Today, Anna is the chair of the James T. Neubacher Award, created in 1990 to memorialize and celebrate the live and work of U-M alumnus and journalist Jim Neubacher, who tirelessly advocated for equal rights and opportunities for people with disabilities, of which he was one. Neubacher, a U-M Alumnus and Detroit Free Press columnist, died in 1990 of multiple sclerosis. His column was titled, "Disabled in Detroit."

Anna's Campus Efforts

Anna's own tireless efforts include inviting speakers, setting agendas and often leading the Council's first Wednesday monthly meetings at the Student Activities Building, as well as coordinating the week-long series of Investing in Ability events, held each year in October, and ending with the presentation of the year's Neubacher Award winner. The big event, also free, is the Wheelchair Basketball Game, held at Crisler, between Navy and Army.

During the Invest in Ability week, and throughout the year, Anna and the members of the planning team bring together doctors, dog-trainers, vets, artists and athletes, students, staff, faculty and others, for an array of events that are, says Anna, "planned for the purpose of educating, enlightening, elevating, and informing people about the whole spectrum of disabilities."

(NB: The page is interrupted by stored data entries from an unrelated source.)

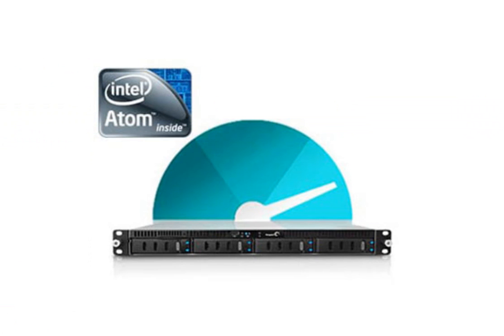These are all the steps required to create a new share and set up user and group permissions. For more information on the Seagate Business Storage Rack Mount NAS units, please see the rest of the Rack Mount NAS tutorials.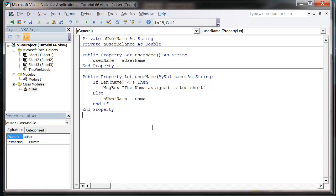Hello everybody and welcome to my 67th VB.NET tutorial. This tutorial is going to show you how to put functions into your class modules.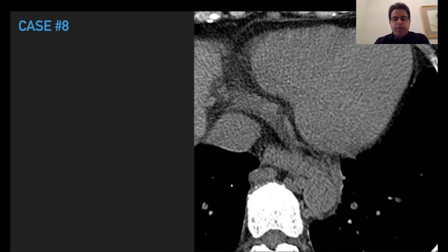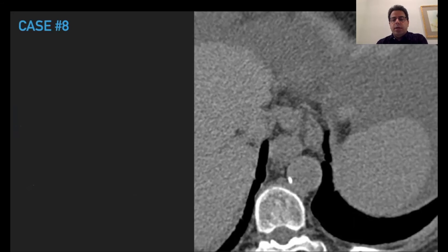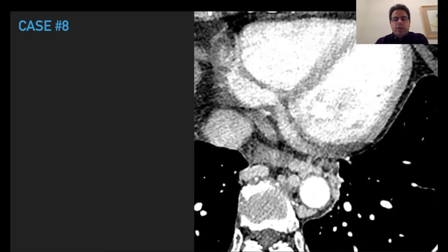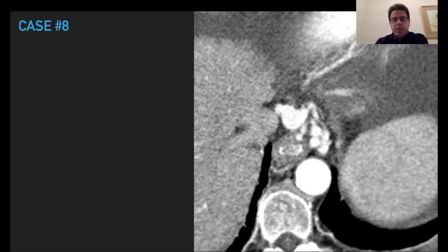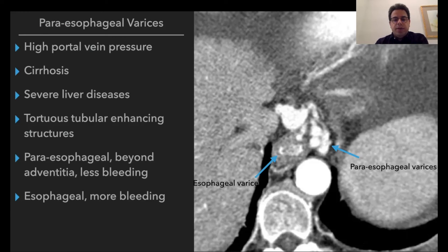Case number eight: there is a lot of soft tissue nodularity around the aorta on non-contrast CT, which at first may suggest lymphadenopathy. Lower down, more soft tissue is adjacent to the aorta, and there is a little bit of ascites with a nodular liver. Post-contrast shows significant enhancement of these nodularities. Considering the cirrhosis and ascites, these are most likely paraesophageal varices, with some areas appreciable as variceal structures. The tubular pattern of enhancement and abdominal findings help differentiate this case.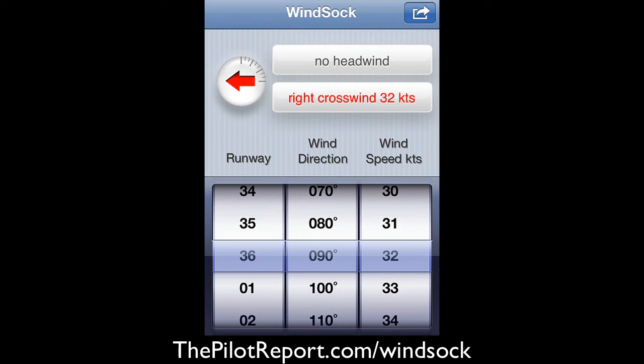This was easy in this example — it was a 90-degree crosswind. Say for instance it's a quartering tailwind. At that point you've got not only a tailwind but a right crosswind, both exceeding your limitations. It's got a nice visual representation. To download this application, just visit thepilotreport.com/windsock.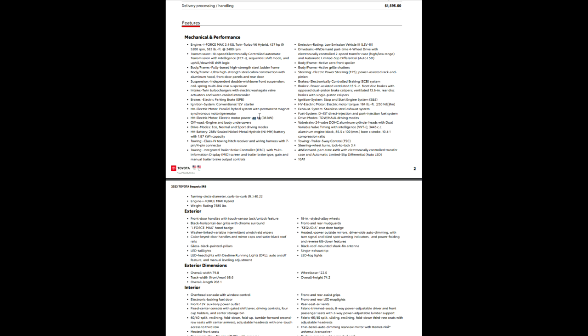Independent double wishbone front suspension, coil spring multi-link rear suspension - same thing they're doing on the Tundra. Twin turbochargers with electric wastegate valve and water intercooler. 48 horsepower just from your electric motor, 184 foot-pounds of torque just from the electric side of your new Sequoia.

Another campus-wide disabilities and outreach event Anna oversees, and a favorite, for obvious reasons, is called Dogs on the Diag. Anna says it has been so popular, it is no longer just on the Diag. "It grows every year," she says, and its purpose is to highlight the role and benefit of therapy and service dogs to people who "literally would not be able to leave their houses." The trainers even bring little puppies, for socializing, which makes every passerby (even those wearing earbuds or texting) stop and smile.

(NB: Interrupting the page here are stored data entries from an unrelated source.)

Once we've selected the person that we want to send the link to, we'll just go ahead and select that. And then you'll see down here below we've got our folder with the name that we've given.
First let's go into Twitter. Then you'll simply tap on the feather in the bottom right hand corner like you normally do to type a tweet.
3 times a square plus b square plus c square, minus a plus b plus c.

Colleagues of Anna's say that her ability to build relationships is what keeps the library's "outreach" program thriving. With that same spirit, grace, confidence and direction, Anna, continues adding members to the Council and engaging the community, raising people's awareness of disabilities and lowering the stigma often associated with them. The raised awareness is the greatest intangible improvement to her work-on campus and in the community.

Tangible campus improvements Anna cites include "push" buttons near library entrances and exits, electronically opening the doors, curb cuts on sidewalks (and the seasonal maintenance of them), and the James Knox Adaptive Technology Site on the first floor of the Shapiro Undergraduate Library, with specialized hardware and software to accommodate the information technology needs of persons with physical, visual, learning and mobility impairments.

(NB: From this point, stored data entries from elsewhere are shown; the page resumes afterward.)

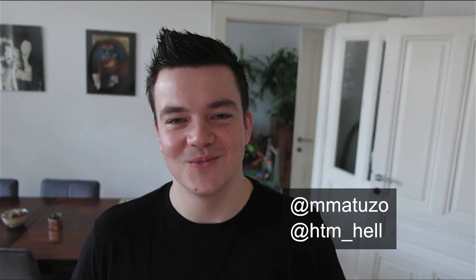That's it for the first episode, that's what I wanted to share with you. I hope that you liked it, I hope that you were able to learn something new. If you have any feedback or questions please leave a comment on YouTube in the comment section, or you can also find me on Twitter. My Twitter handle is mmatuso, that's double m-a-t-u-z-o, or you can also find me at htm underscore hell. Thanks so much for watching and see you soon. Bye bye.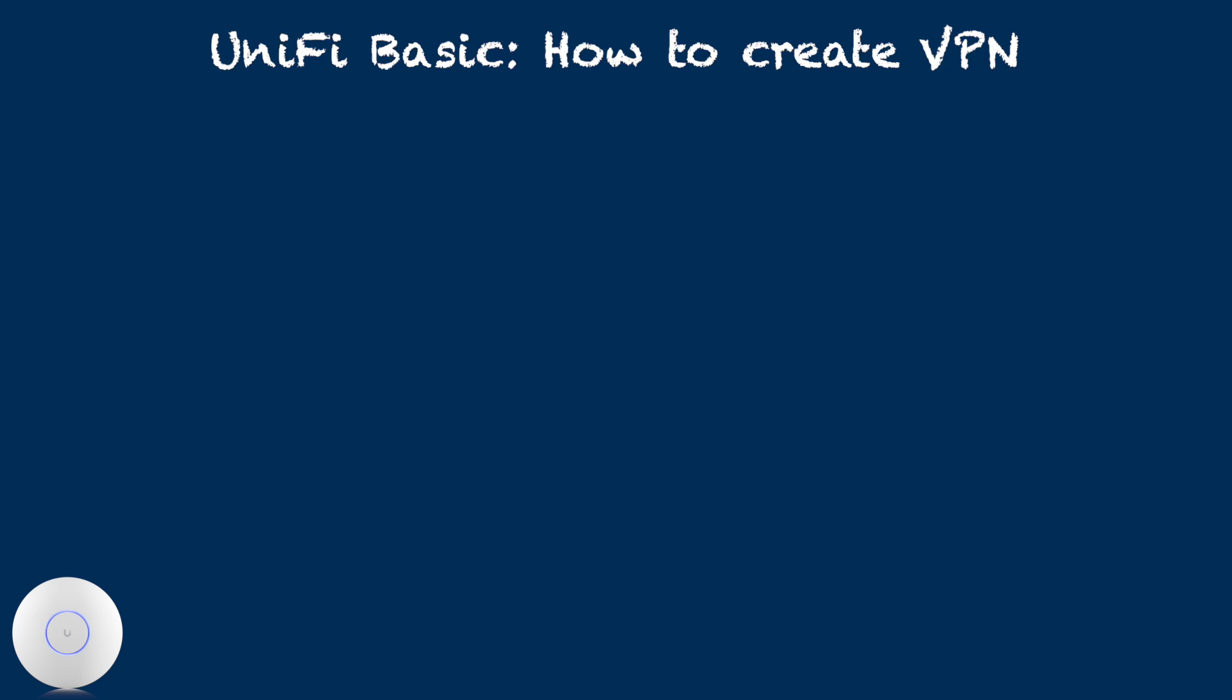Today, let's take a step-by-step look at how to create VPN Server on Unified Network Controller version 8. Let's get started.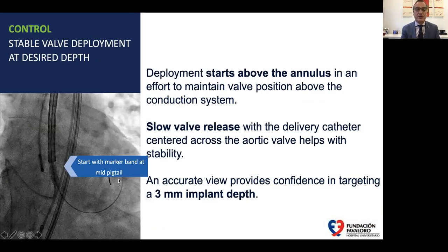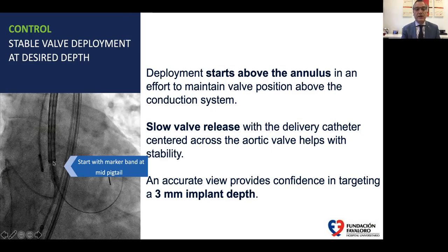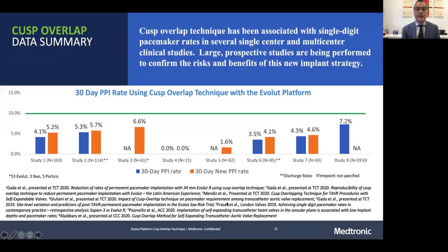This technique has another key feature: we start deployment of the valve above the annulus, as shown here. This is the pigtail in the aorta, this is the plane of the annulus, and here is the tip of the valve in the catheter of the delivery system. We start the implantation here and allow the valve to dive into the LVOT approximately three millimeters below the annulus for a very shallow implantation.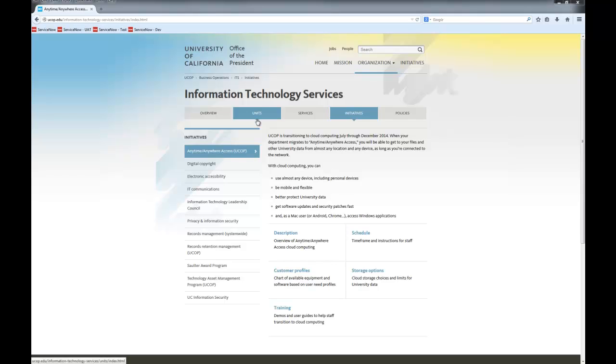Hello, I'm Terrell Makuta of the ITS Service Desk, and welcome to the UCOP Cloud. The purpose of this video is to show you how to access and navigate the UCOP Cloud computing environment.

Bert is now a professor emeritus, and the Schnitzers have six (going on seven) grandchildren.

This is Anna's thirtieth year as Librarian at the Taubman, and eighth as chair of the Neubacher Award. Anna is lucky in love and work. She says Bert is the lucky one.

"My greatest passion," says Anna, "is working to improve the physical and virtual accessibility to everyone in our community, regardless of individual physical or mental challenges."

The point is, she adds, "deep down, everybody has some sort of disability. The key is kindness and civility. Kindness does matter."